§ **Task objective**: Using the entries below, write out the line with "Red White and", the line with "Ivory Lace and Chiffon Mini Flare Dress S", and every line in between, exactly as each is written.

◆ ◆ ◆ ◆

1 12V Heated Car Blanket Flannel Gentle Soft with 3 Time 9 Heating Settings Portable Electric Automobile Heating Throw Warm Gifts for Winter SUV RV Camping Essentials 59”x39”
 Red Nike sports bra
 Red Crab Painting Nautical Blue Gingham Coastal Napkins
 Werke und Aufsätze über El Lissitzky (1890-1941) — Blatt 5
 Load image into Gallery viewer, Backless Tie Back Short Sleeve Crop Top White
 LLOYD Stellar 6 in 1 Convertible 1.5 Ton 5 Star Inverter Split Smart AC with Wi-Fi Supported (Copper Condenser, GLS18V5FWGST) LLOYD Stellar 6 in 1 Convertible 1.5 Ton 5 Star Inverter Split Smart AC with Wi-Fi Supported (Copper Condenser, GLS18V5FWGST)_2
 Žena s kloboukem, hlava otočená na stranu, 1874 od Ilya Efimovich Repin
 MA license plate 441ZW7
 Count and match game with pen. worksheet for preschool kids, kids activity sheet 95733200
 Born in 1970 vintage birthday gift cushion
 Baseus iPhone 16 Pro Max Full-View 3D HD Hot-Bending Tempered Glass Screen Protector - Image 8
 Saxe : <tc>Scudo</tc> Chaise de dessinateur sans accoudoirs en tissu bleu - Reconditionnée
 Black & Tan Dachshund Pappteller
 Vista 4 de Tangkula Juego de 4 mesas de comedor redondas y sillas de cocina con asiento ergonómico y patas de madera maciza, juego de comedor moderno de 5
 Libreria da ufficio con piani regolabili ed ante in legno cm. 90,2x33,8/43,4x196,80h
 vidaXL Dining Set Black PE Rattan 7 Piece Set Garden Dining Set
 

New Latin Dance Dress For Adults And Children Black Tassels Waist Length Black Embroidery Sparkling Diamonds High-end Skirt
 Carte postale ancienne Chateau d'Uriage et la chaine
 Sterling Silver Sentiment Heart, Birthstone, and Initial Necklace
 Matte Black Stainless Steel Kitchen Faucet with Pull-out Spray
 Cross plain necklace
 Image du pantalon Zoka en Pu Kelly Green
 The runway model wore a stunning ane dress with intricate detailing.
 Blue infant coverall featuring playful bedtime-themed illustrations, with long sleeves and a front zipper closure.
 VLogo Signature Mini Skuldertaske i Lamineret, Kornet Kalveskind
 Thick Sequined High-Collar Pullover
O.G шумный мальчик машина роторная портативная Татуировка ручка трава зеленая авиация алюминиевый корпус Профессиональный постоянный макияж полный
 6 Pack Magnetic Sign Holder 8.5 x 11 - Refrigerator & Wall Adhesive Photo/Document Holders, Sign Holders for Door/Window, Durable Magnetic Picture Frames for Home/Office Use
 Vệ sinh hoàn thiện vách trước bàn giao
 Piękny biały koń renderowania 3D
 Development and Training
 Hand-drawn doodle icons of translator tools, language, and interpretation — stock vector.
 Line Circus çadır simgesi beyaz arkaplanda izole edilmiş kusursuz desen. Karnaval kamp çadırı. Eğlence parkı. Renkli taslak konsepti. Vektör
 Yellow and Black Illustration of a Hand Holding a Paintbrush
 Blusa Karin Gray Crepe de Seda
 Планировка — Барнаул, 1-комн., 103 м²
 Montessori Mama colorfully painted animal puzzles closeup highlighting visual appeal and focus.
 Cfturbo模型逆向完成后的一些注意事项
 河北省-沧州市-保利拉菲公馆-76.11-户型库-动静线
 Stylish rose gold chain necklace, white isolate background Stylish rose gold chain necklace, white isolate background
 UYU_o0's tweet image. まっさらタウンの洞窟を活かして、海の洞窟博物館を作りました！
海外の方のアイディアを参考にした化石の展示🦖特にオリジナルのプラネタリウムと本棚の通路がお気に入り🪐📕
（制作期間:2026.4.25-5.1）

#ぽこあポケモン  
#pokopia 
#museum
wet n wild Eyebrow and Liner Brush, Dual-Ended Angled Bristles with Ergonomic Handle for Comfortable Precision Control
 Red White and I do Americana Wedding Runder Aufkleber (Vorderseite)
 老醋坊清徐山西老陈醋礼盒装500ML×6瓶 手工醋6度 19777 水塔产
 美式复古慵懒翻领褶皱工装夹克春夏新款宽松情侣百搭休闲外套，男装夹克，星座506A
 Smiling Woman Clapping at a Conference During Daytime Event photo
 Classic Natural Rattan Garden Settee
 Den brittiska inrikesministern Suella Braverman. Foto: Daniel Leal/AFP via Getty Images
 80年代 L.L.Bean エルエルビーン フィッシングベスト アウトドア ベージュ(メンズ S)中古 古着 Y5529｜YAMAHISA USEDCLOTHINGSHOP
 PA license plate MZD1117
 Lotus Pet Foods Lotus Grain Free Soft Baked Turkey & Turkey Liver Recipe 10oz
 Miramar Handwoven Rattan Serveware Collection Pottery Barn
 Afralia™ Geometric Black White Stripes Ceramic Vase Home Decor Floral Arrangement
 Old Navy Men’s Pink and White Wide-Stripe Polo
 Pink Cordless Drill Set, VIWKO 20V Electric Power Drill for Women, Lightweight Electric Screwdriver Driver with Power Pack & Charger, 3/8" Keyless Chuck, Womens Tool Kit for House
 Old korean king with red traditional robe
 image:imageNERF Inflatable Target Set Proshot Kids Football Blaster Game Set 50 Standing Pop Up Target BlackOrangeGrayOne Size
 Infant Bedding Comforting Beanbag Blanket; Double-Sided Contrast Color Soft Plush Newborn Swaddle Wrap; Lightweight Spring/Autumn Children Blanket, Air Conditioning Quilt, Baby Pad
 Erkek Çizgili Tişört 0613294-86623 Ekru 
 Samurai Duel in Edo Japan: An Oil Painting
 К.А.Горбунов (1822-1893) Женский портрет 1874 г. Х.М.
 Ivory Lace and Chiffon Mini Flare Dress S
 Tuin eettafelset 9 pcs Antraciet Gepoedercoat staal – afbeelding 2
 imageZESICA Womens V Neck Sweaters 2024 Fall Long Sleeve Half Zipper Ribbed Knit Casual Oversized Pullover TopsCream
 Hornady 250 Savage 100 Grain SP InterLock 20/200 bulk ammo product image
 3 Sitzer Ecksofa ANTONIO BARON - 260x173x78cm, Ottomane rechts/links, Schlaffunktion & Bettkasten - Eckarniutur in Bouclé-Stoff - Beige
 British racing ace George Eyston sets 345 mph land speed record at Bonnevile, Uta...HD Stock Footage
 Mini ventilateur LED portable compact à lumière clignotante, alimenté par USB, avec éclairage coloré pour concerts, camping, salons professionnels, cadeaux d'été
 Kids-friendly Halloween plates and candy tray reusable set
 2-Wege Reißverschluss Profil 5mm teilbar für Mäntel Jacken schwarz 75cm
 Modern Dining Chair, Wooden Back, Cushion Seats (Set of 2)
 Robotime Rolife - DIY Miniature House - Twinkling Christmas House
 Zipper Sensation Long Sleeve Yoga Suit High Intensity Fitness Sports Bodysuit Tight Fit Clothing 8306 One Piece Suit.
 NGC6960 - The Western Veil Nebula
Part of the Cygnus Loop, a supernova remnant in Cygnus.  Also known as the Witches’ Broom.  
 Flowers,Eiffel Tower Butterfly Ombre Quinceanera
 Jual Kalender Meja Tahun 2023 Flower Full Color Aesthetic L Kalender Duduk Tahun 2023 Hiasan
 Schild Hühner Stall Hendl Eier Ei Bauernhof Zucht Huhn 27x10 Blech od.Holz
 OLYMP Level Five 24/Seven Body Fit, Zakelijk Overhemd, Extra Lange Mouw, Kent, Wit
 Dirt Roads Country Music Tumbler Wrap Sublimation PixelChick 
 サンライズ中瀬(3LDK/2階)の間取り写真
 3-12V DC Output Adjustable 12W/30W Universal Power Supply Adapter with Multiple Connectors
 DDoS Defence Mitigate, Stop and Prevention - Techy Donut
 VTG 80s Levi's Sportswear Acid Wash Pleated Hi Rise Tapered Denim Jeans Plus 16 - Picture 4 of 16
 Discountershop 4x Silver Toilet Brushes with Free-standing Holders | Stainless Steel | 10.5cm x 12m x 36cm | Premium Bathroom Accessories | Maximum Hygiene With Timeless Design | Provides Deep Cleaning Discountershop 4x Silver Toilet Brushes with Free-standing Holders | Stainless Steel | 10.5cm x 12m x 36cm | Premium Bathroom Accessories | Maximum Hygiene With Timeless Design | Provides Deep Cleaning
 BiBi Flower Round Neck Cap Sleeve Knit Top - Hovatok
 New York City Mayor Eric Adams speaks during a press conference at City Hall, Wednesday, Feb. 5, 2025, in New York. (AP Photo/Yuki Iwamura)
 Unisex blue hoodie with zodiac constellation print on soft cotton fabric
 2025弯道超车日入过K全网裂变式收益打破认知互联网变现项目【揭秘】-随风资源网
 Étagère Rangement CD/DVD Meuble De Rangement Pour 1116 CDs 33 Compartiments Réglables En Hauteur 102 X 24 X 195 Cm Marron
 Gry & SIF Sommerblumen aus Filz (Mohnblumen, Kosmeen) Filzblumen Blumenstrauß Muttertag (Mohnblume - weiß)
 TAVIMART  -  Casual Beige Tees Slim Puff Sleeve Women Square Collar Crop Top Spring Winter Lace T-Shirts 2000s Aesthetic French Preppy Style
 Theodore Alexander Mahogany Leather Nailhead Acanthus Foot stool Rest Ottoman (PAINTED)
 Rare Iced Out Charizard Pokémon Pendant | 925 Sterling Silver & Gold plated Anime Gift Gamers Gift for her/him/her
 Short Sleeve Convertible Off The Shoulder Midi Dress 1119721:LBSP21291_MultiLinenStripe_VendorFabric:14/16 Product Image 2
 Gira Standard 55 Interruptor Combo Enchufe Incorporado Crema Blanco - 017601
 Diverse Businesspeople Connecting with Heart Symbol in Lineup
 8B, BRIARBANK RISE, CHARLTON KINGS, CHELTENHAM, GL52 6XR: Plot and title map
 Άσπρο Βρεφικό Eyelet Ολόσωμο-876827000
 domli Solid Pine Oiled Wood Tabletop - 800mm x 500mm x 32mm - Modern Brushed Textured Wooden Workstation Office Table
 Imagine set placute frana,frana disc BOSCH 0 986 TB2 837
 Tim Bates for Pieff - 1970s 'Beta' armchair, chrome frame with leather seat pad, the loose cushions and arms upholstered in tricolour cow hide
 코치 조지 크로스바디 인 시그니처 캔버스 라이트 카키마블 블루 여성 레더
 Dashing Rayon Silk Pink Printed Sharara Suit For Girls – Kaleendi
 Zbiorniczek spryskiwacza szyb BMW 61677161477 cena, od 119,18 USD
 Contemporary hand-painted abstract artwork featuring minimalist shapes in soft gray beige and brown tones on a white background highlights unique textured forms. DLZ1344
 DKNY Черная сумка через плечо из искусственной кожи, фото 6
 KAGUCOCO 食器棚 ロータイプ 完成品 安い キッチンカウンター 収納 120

◆ ◆ ◆ ◆

§ **Problem solution**:
 Red White and I do Americana Wedding Runder Aufkleber (Vorderseite)
 老醋坊清徐山西老陈醋礼盒装500ML×6瓶 手工醋6度 19777 水塔产
 美式复古慵懒翻领褶皱工装夹克春夏新款宽松情侣百搭休闲外套，男装夹克，星座506A
 Smiling Woman Clapping at a Conference During Daytime Event photo
 Classic Natural Rattan Garden Settee
 Den brittiska inrikesministern Suella Braverman. Foto: Daniel Leal/AFP via Getty Images
 80年代 L.L.Bean エルエルビーン フィッシングベスト アウトドア ベージュ(メンズ S)中古 古着 Y5529｜YAMAHISA USEDCLOTHINGSHOP
 PA license plate MZD1117
 Lotus Pet Foods Lotus Grain Free Soft Baked Turkey & Turkey Liver Recipe 10oz
 Miramar Handwoven Rattan Serveware Collection Pottery Barn
 Afralia™ Geometric Black White Stripes Ceramic Vase Home Decor Floral Arrangement
 Old Navy Men’s Pink and White Wide-Stripe Polo
 Pink Cordless Drill Set, VIWKO 20V Electric Power Drill for Women, Lightweight Electric Screwdriver Driver with Power Pack & Charger, 3/8" Keyless Chuck, Womens Tool Kit for House
 Old korean king with red traditional robe
 image:imageNERF Inflatable Target Set Proshot Kids Football Blaster Game Set 50 Standing Pop Up Target BlackOrangeGrayOne Size
 Infant Bedding Comforting Beanbag Blanket; Double-Sided Contrast Color Soft Plush Newborn Swaddle Wrap; Lightweight Spring/Autumn Children Blanket, Air Conditioning Quilt, Baby Pad
 Erkek Çizgili Tişört 0613294-86623 Ekru 
 Samurai Duel in Edo Japan: An Oil Painting
 К.А.Горбунов (1822-1893) Женский портрет 1874 г. Х.М.
 Ivory Lace and Chiffon Mini Flare Dress S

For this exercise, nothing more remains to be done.